The post-ovulatory phase begins after ovulation and ends the day before the next menstruation. Unlike the pre-ovulatory phase, the length of this phase does not vary from cycle to cycle. After ovulation, the follicle transforms into the corpus luteum which starts releasing progesterone to prepare the body to protect a potentially fertilized egg. This causes the cervix to become firmer and closed. The cervical mucus thickens forming a plug, protecting the uterus from foreign bodies, and the basal body temperature slightly rises. Progesterone also causes the lining of the uterus to thicken in preparation for implantation.
After one week:
- If fertilization and implantation have taken place, the progesterone level will continue to increase to sustain the pregnancy.
- If there is no pregnancy, over the following week the release of progesterone slows as the corpus luteum degenerates leading to menstruation
This information reveals key reasons why the Symptothermal Method works.

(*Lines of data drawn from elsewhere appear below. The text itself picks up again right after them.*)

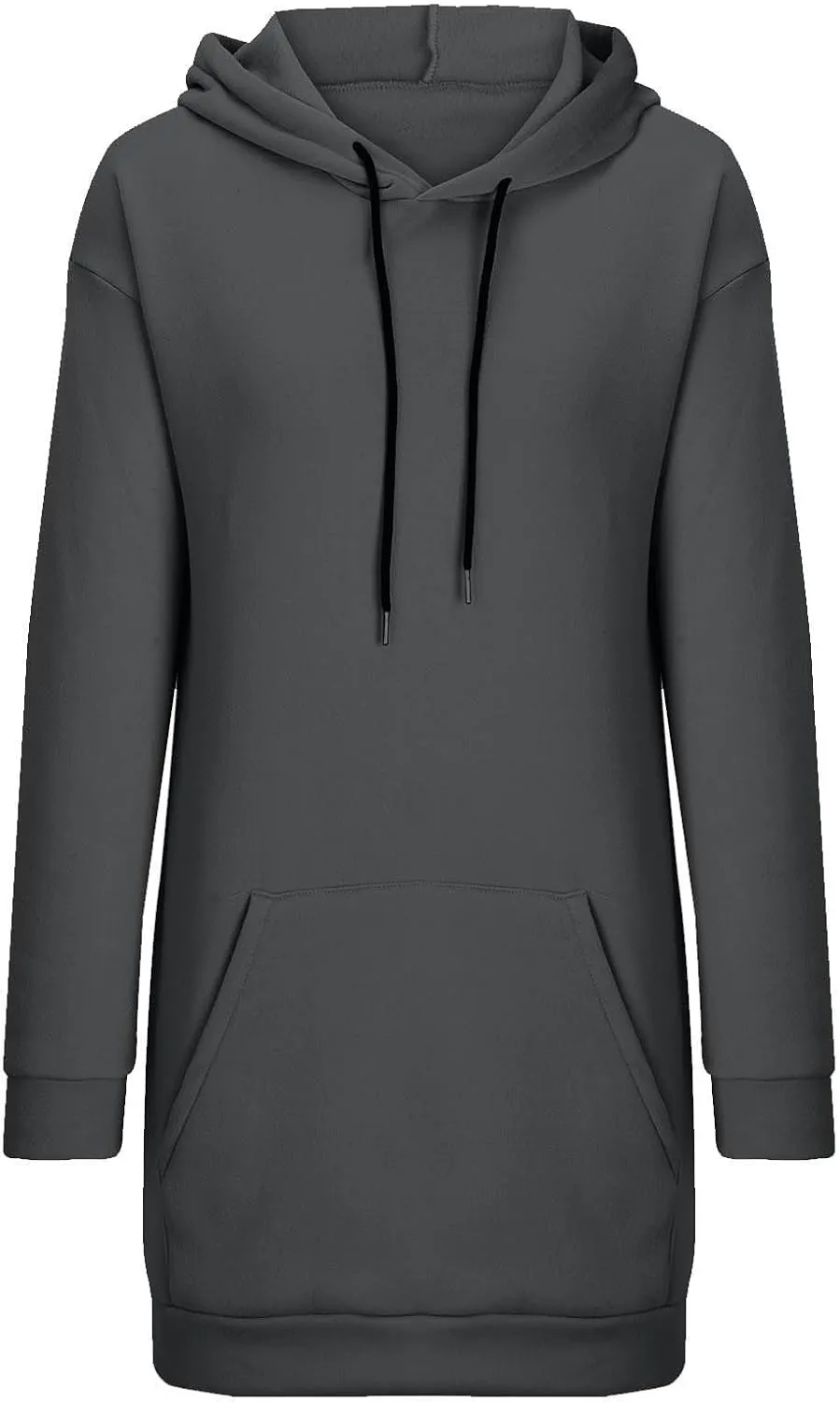 The Warmy Oversized Hoodie Dress for Womens Long Sleeve Pullover Tops with Pocket Fashion Fall Winter Hood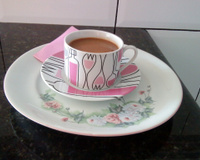 Chocolate quente saboroso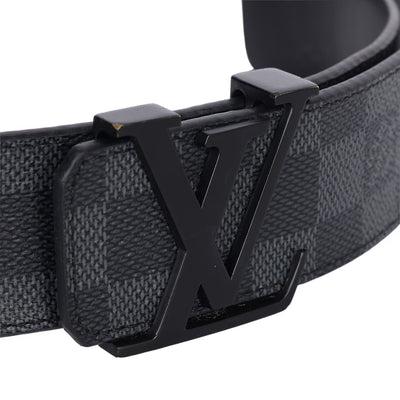 Damier Graphite belt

- There are observable changes to the woman’s body throughout the menstrual cycle.
- Each cycle there is only one small window of time during which a sperm could fertilize an egg.
In each cycle, there is a window of time during which a woman is fertile, and this can be identified by observing the changes in her body caused by estrogen and progesterone. Intercourse during this fertile window could lead to pregnancy. Intercourse outside of the fertile window will not.
By receiving instruction from a certified Serena teacher-couple in the Symptothermal Method and recording information about each menstrual cycle, couples can easily:
- discern the time of peak fertility
- identify the phases of natural infertility
- predict the onset of menstruation
- discover menstrual irregularities and detect possible causes of infertility
- observe the return of fertility after hormonal contraceptive use, breastfeeding or pregnancy
- confirm early pregnancy
- recognize the approach of menopause
Serena teaches the Symptothermal Method of natural family planning. When taught properly and used consistently, a couple has a greater than 99% chance to postpone pregnancy. (See Effectiveness of the Symptothermal Method for more details.) For the most satisfactory and effective experience with the Symptothermal Method, we strongly encourage couples to be taught by a certified teacher-couple. This is the best way to benefit from accurate knowledge and instruction in the application of the method.
The Symptothermal Method is such a robust natural family planning method because it incorporates several signs of the woman’s fertility: cervical mucus, cervix changes, and basal body temperature.These three signs are used to help identify the beginning and end of the fertile window.
Note: The Symptothermal Method does not protect against sexually transmitted diseases or infections.